"Yaaaaaah!" Suara kecewa mereka terdengar saat harus menghadapi kekalahan yang entah sudah berapa kali.
"Ahhg! Sial lagi,sial lagi" Erang seorang pria dengan bertel*njang dada.
"Hahahahahaha" Terdengar juga suara gelak tawa yang keluar dari mulut seorang pria berperawakan sedang,memakai kaos oblong yang sudah terlihat usang dan memiliki rambut keriting bewarna hitam legam!
"Hoki,sekali kau malam ini jok!" Seru seseorang dengan wajah pongah,seperti nya kini dia sedang merasa iri pada joko.Sebab,sejak dari minggu kemarin dia tidak pernah menang walau hanya sekali saja.

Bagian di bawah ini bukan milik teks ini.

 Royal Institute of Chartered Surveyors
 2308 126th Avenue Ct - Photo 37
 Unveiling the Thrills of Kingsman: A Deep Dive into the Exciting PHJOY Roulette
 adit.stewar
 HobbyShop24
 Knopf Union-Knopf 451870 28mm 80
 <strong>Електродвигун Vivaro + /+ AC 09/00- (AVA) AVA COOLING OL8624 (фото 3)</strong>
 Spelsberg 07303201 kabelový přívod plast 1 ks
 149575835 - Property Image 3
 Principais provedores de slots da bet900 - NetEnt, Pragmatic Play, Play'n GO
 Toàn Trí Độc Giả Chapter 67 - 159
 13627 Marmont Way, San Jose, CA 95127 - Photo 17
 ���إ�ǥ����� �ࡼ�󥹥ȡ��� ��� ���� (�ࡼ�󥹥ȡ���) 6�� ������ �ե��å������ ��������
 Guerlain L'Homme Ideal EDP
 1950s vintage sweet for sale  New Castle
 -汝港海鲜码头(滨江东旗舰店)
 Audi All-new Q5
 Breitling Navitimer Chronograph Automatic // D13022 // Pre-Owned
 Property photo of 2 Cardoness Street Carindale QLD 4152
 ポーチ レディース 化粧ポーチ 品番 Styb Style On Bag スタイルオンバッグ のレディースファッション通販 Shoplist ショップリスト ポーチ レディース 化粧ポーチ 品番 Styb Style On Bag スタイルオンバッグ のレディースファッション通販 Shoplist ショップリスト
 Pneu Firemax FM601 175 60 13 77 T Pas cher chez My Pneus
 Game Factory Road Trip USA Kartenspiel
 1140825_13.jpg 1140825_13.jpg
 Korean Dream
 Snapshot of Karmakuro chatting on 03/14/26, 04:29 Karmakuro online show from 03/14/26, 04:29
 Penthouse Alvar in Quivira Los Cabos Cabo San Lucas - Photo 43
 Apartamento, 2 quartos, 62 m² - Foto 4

Orang yang di panggil dengan sebutan joko itu kembali tersenyum bahagia,sambil memamerkan gigi nya yang tidak terlalu putih dan sedikit berantakan. "Yo jelas,maka nya sebelum mulai berdoa dulu!" Ujar nya sambil mengibas ngibaskan uang pecahan kertas yang memang lumayan banyak jumlah nya dan sesekali mencium sekaligus mengirup nya!
"Alaaaaah! bermain jud* kok doa dulu! Ya ora pantes to jok,jok! ini kan permainan har*m alias permainan setan!" Emosi teman nya yang lain.
"Yowes to! Kalau kalah yo kalah wae,tidak usah marah marah ngono loh!" sahut joko dengan tawa mengejek yang membuat keadaan semakin sengit!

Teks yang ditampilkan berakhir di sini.